Credit Suisse allegedly violated a 2014 plea deal with the Justice Department by failing to disclose a nearly $100 million transfer belonging to a family of U.S. and Latin American nationals from undisclosed accounts to other banks for nearly a decade, the report says. The bank potentially “enabled” criminal tax evasion to go undetected for nearly a decade by failing to notify the DOJ it was wiring these assets, according to the report. (RELATED: UBS Buys Credit Suisse For $2 Billion)

Former head of private banking for Latin America Alexander Siegenthaler was reportedly central to managing the family’s accounts, the report discovered. Siegenthaler supervised several Credit Suisse bankers who faced criminal charges and reported to the bank’s head of private banking for all the Americas.

The report also identified 23 “potentially undeclared accounts” belonging to ultra-wealthy American individuals each containing more than $20 million in assets, according to the report.

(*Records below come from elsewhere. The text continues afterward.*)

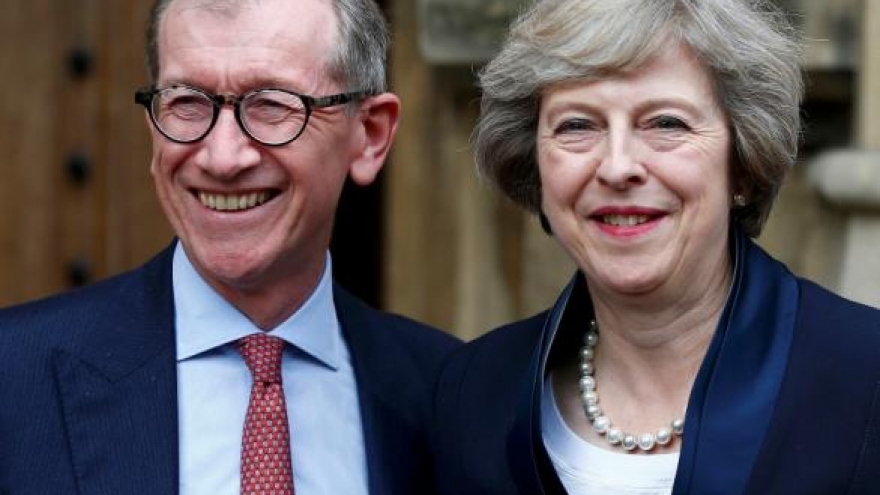 Britain's May wins PM race after pro-Brexit rival quits
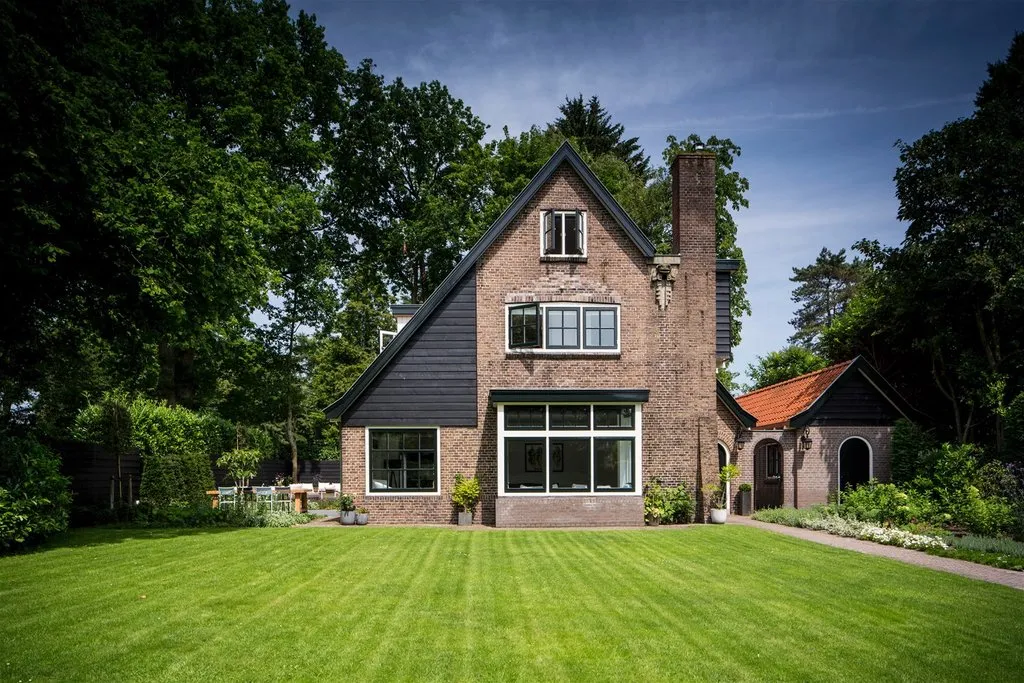 Vrijstaande woning te huur: Sint Janstraat 52, Laren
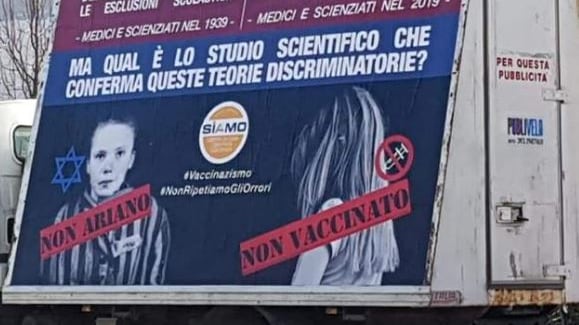 A Trento un cartellone dei no-vax paragona i bimbi non vaccinati agli ebrei vittime dell'olocausto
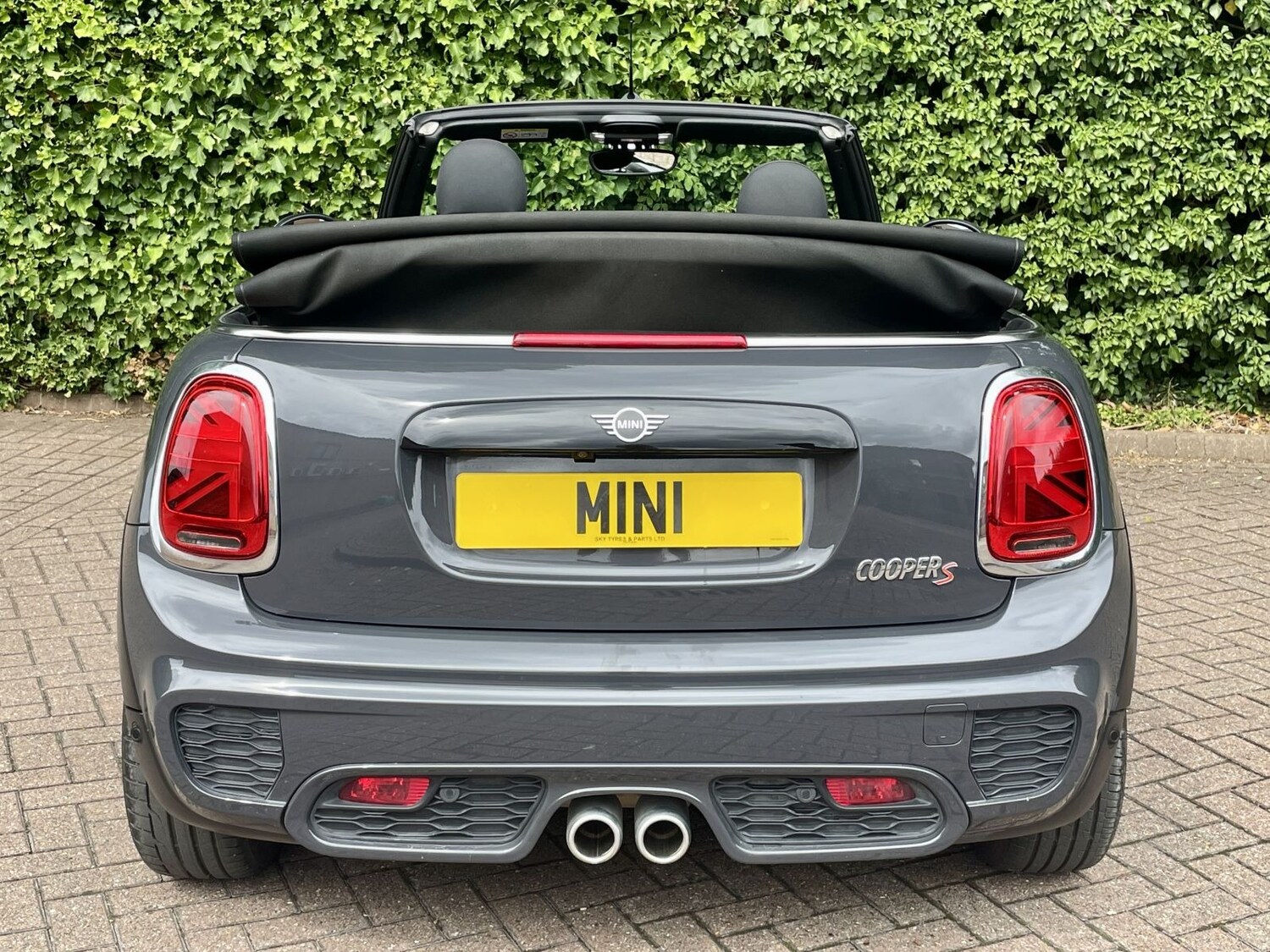Used MINI Convertible 2019 for sale - 76156480: Photo 18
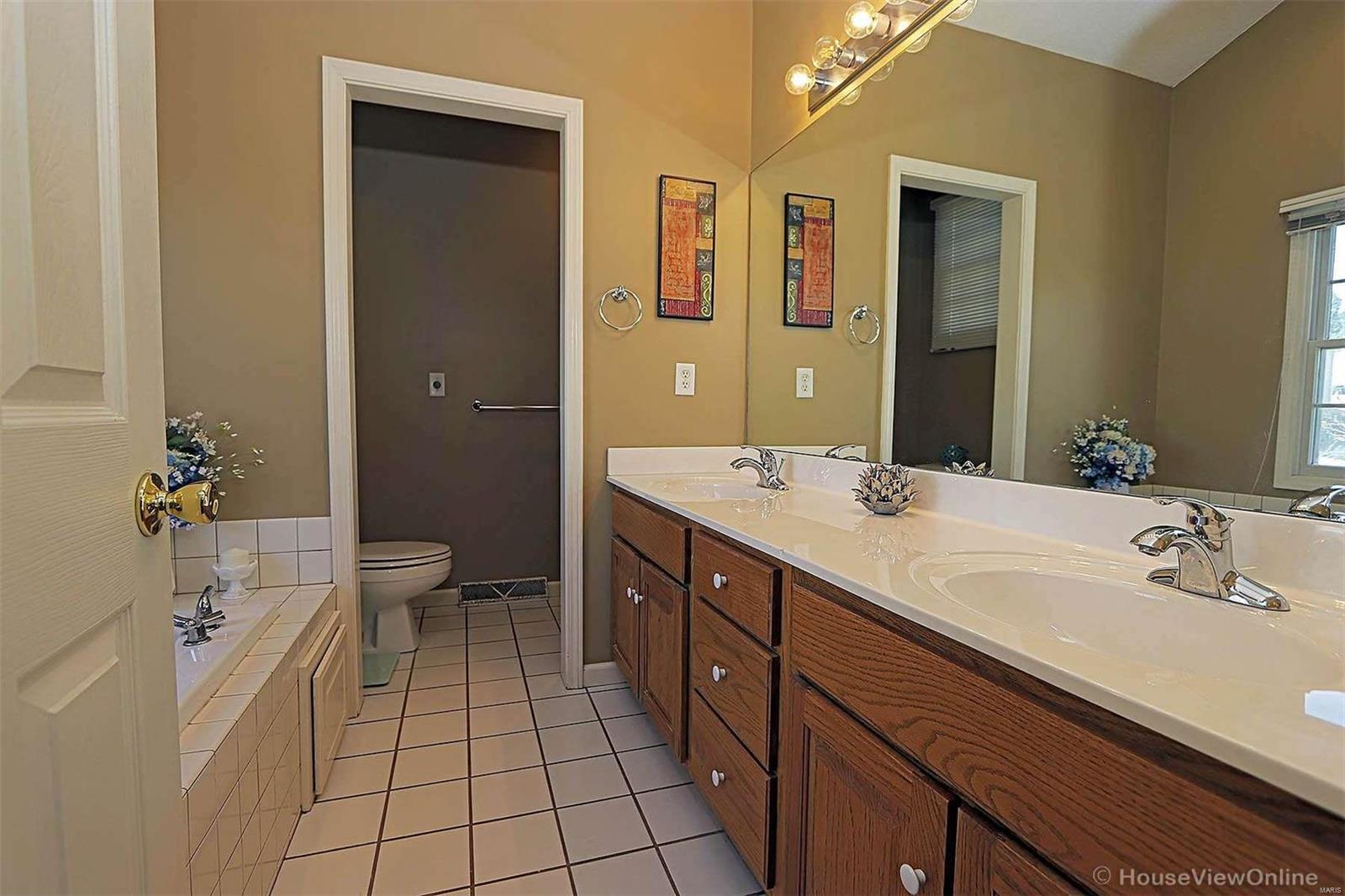 Melrose Place Iii - Residential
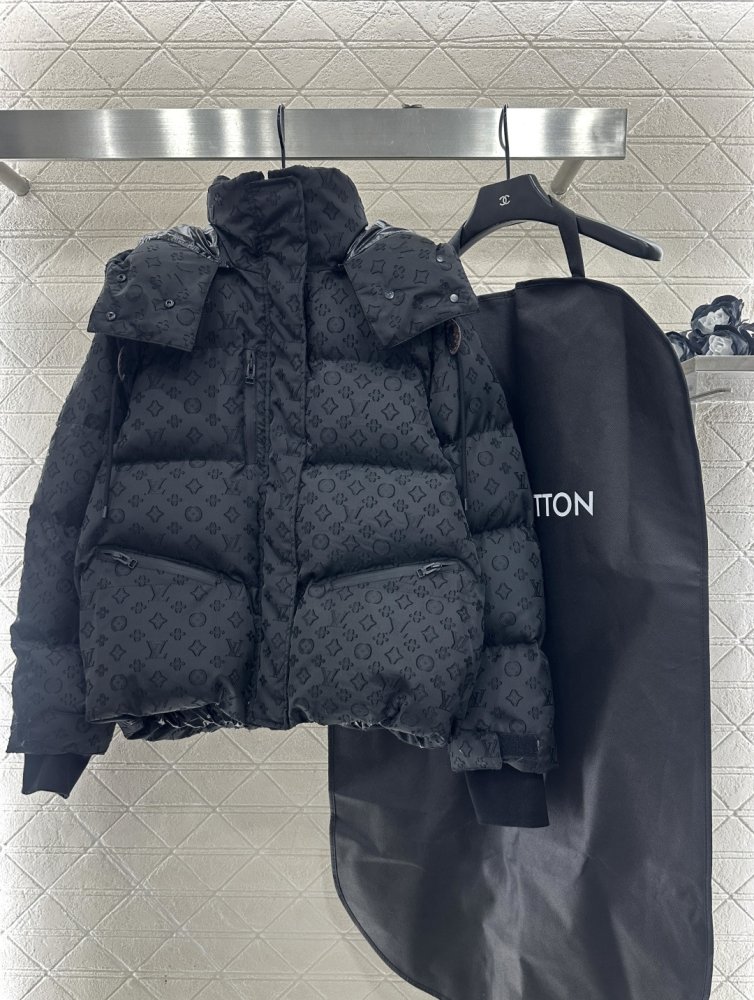 Feather jacket with removable hood фото 4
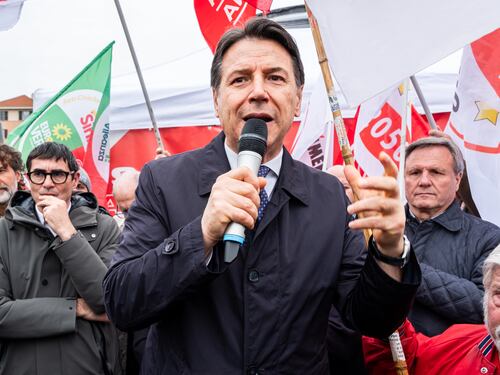 La piazza di Conte manda in tilt i dem. De Luca aderisce, dilemma Schlein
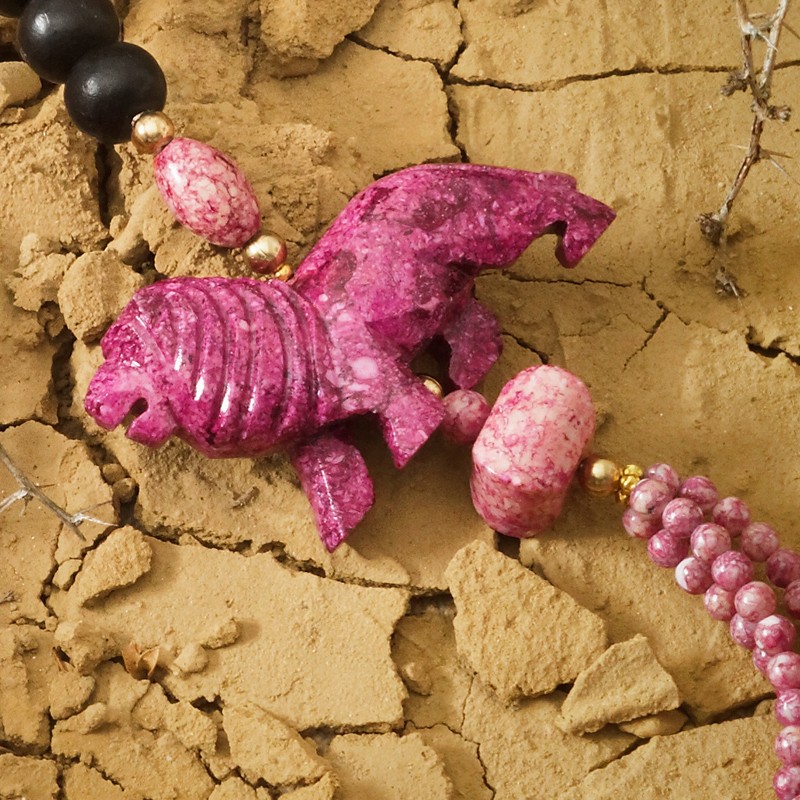 Schmuck-Set Purple Lion, Nahaufnahme der handgeschnitzten Löwenfigur aus purpur gefärbtem Onyx Schmuck-Set Purple Lion, Nahaufnahme der handgeschnitzten Löwenfigur aus purpur gefärbtem Onyx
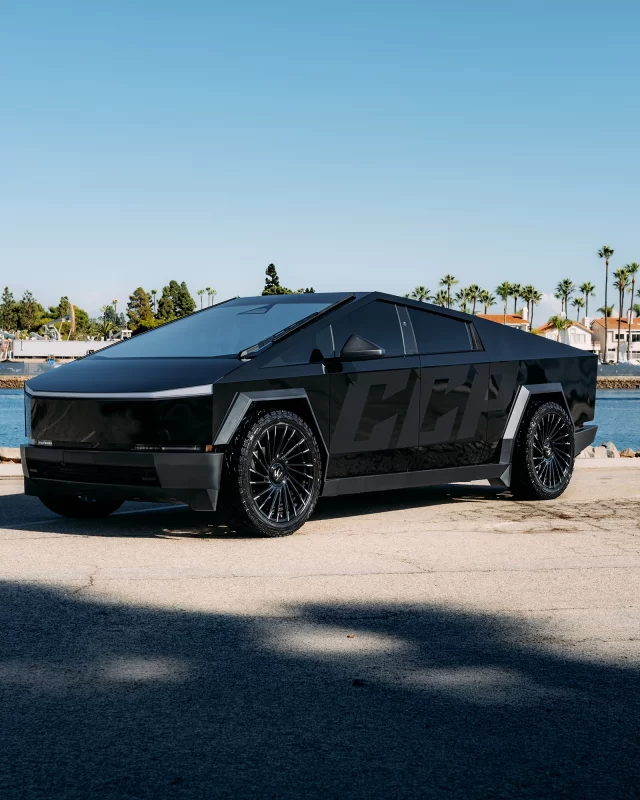 @keithcarlos Cybertruck on 24s🔥
Wraith XL - MBT Finish
Available Now!
#lexani #customwheels #cybertruck #teslamotors #24s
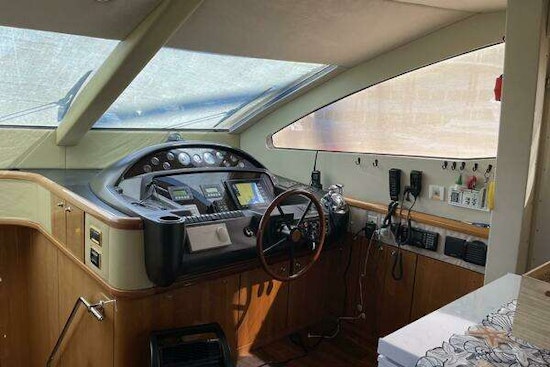 Sunseeker 75 Flybridge Yacht For Sale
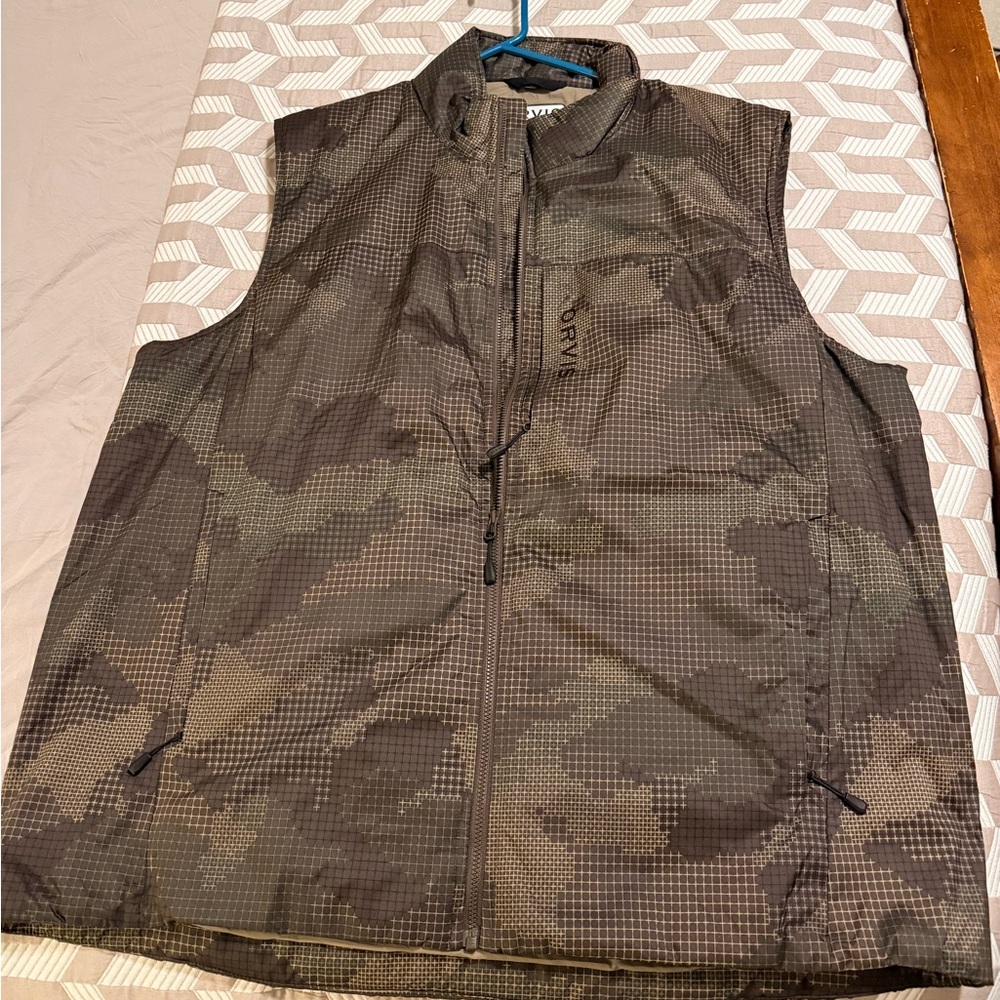 Orvis Pro Camo Vest XL.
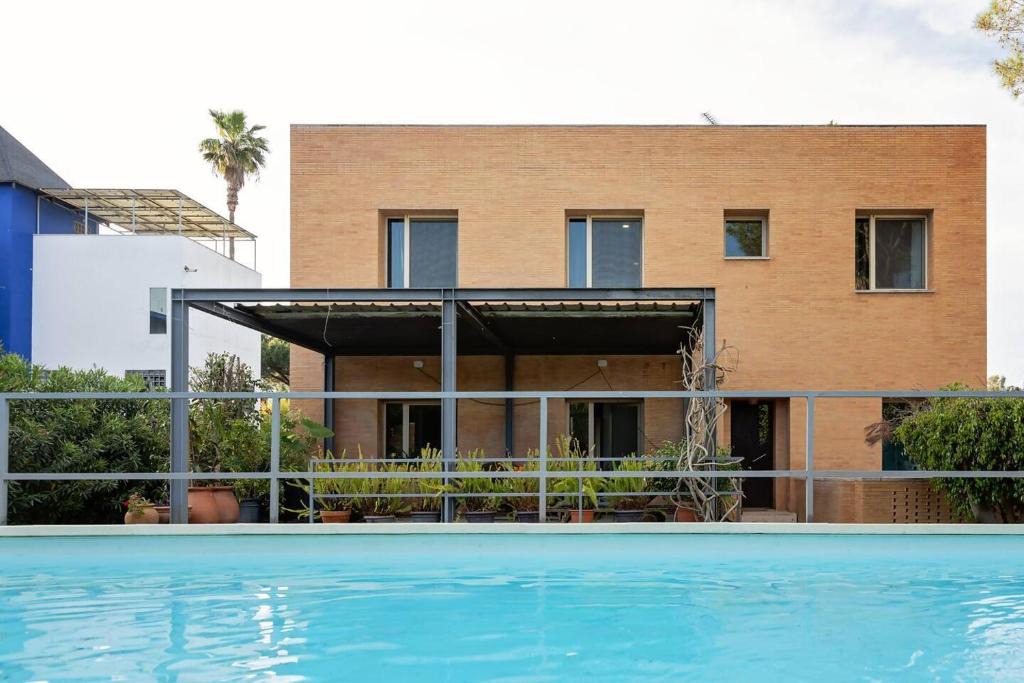 Aljaraque Villa | Villa de lujo para 14. Piscina. Golf. Playa 15 km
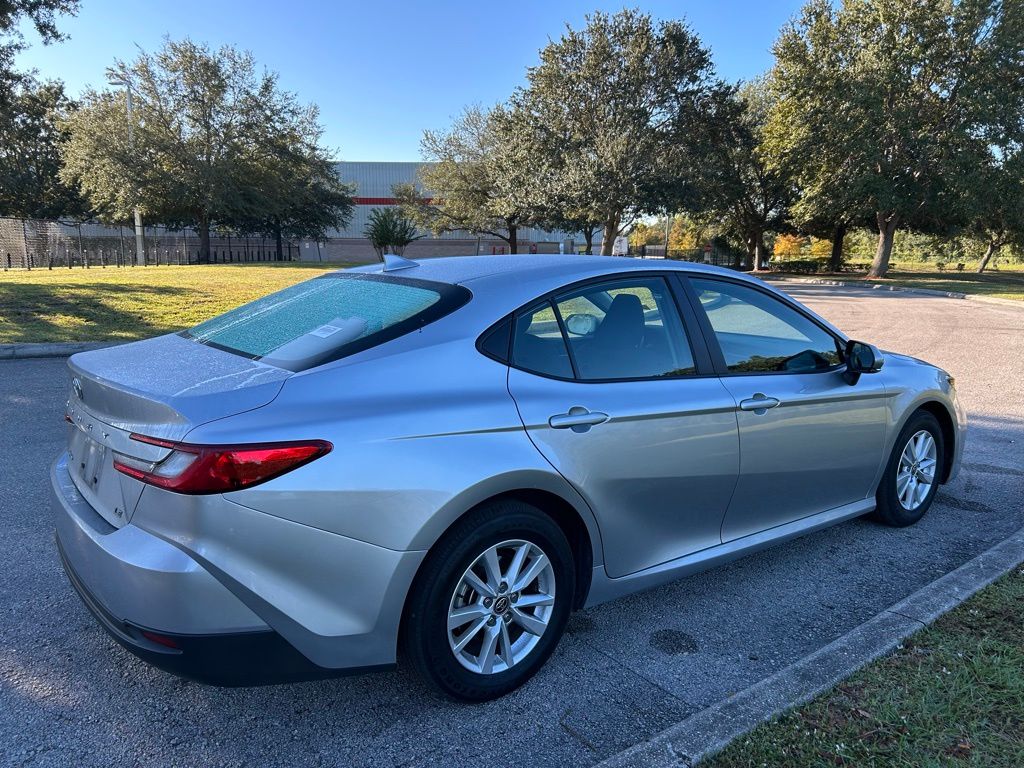 Thumbnail: 2025 Toyota Camry - 5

More accounts could be uncovered as the investigation continues.

The report alleges that Credit Suisse employees knowingly helped businessman Dan Horsky conceal $220 million from U.S. authorities in offshore accounts, based on records received by the Senate Finance Committee. Horsky was sentenced to seven months in prison and ordered to pay a $100 million civil penalty for the scheme in February 2017, according to the Department of Justice.

“At the center of this investigation are greedy Swiss bankers and catnapping government regulators, and the result appears to be a massive, ongoing conspiracy to help ultra-wealthy U.S. citizens to evade taxes and rip off their fellow Americans,” Democratic Oregon Sen. Ron Wyden, Chair of the Senate Finance Committee, said in a press release.

“Credit Suisse got a discount on the penalty it faced in 2014 for enabling tax evasion because bank executives swore up and down they’d get out of the business of defrauding the United States. This investigation shows Credit Suisse did not make good on that promise, and the bank’s pending acquisition does not wipe the slate clean,” he added.

“Credit Suisse does not tolerate tax evasion. In its core, the report describes legacy issues, some from a decade ago, and we have implemented extensive enhancements since then to root out individuals who seek to conceal assets from tax authorities,” a company spokesperson said in a statement.

“Credit Suisse’s new leadership team has cooperated with the Committee’s inquiry and has supported the work of Senator Wyden, including in respect of suggested policy solutions to help strengthen the financial industry’s ability to detect undisclosed US persons. Our clear policy is to close undeclared accounts when identified, and to discipline any employee who fails to comply with bank policy or falls short of Credit Suisse’s standards of conduct. Credit Suisse is also actively cooperating with US authorities including the DOJ to address some remaining legacy conduct or policy concerns, and will continue to do so.”